All 25 patients from eight centers underwent successful embolectomy. The mean RV/LV ratio was 1.53 ± 0.27 at baseline and 1.15 ± 0.18 at 48 hours postprocedure (23.2% ± 12.81% change). Of note, there were no major adverse events at 48 hours and no deaths at 30 days, stated the SCAI press release.
“Although more rigorous studies are needed, RV/LV ratio is the most important predictor of dysfunction and adverse outcomes in acute PE, and it is exciting to see that the RV/LV ratio reduction was just as much as other FDA-approved devices on the market without any large safety concerns in a new first-in-human device,” commented Dr. Kobayashi in the society’s press release.
He continued, “This technology represents the marriage between large- and small-bore embolectomy, which allows for operators to travel through the heart with a smaller catheter but expand a larger funnel that matches the size of the large-bore catheters, leaving a smaller footprint and lowering the risk of hemodynamic impact for the patient.”

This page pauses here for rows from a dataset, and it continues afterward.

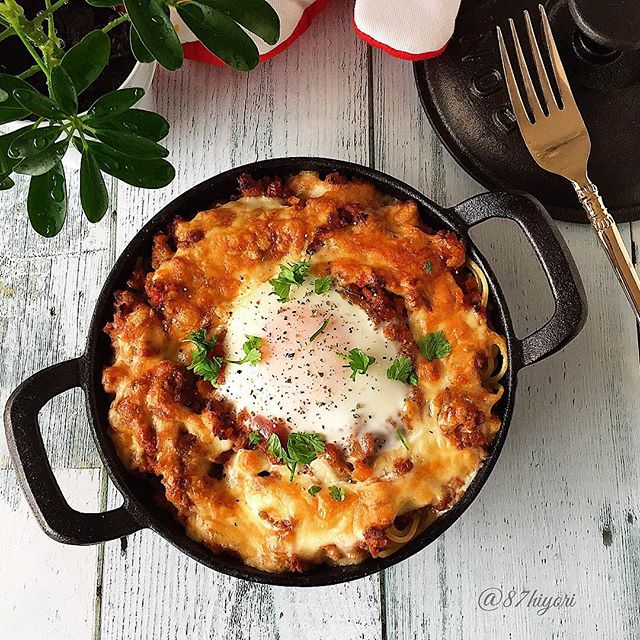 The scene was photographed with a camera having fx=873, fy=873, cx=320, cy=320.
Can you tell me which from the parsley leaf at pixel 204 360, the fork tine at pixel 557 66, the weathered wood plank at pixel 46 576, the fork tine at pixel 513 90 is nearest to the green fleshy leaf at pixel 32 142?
Answer: the parsley leaf at pixel 204 360

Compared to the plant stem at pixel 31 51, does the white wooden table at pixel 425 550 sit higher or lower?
lower

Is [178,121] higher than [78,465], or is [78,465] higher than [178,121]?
[178,121]

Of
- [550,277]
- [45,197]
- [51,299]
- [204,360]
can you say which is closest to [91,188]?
[45,197]

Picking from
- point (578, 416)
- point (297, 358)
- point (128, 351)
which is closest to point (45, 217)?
point (128, 351)

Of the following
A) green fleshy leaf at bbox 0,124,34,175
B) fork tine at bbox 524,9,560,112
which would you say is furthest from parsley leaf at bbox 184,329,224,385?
fork tine at bbox 524,9,560,112

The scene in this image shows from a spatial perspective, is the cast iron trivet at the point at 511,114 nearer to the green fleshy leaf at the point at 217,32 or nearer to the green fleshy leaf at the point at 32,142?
the green fleshy leaf at the point at 217,32

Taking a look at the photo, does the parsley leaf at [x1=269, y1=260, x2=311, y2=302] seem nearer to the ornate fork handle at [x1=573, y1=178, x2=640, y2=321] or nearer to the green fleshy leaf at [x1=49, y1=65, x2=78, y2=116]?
the green fleshy leaf at [x1=49, y1=65, x2=78, y2=116]

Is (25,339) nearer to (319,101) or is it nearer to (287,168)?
(287,168)

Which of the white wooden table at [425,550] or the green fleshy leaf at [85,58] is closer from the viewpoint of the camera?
the green fleshy leaf at [85,58] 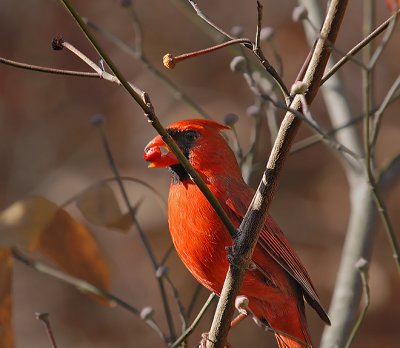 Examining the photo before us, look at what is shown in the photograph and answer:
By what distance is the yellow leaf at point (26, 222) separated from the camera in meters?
3.07

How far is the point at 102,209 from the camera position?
328 centimetres

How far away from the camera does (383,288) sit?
Result: 21.0 feet

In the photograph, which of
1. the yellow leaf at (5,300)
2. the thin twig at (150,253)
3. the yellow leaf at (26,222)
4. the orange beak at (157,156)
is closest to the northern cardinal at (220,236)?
the orange beak at (157,156)

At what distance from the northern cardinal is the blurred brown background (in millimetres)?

Jay Giri, MD, National Principal Investigator of the study, added, “For the field of interventional PE therapies to fully reach its promise, continued innovation is needed to optimize our procedural workflows across the wide array of patients affected by this disease. The ENGULF trial is an important step in this process, demonstrating that a novel, purpose-built PE thrombectomy catheter can achieve excellent results even among its earliest users.”
Dr. Kobayashi is Assistant Professor of Clinical Medicine at Penn Medicine, and Dr. Giri is Director of the Cardiovascular Catheterization Laboratories at the Hospital of the University of Pennsylvania in Philadelphia, Pennsylvania.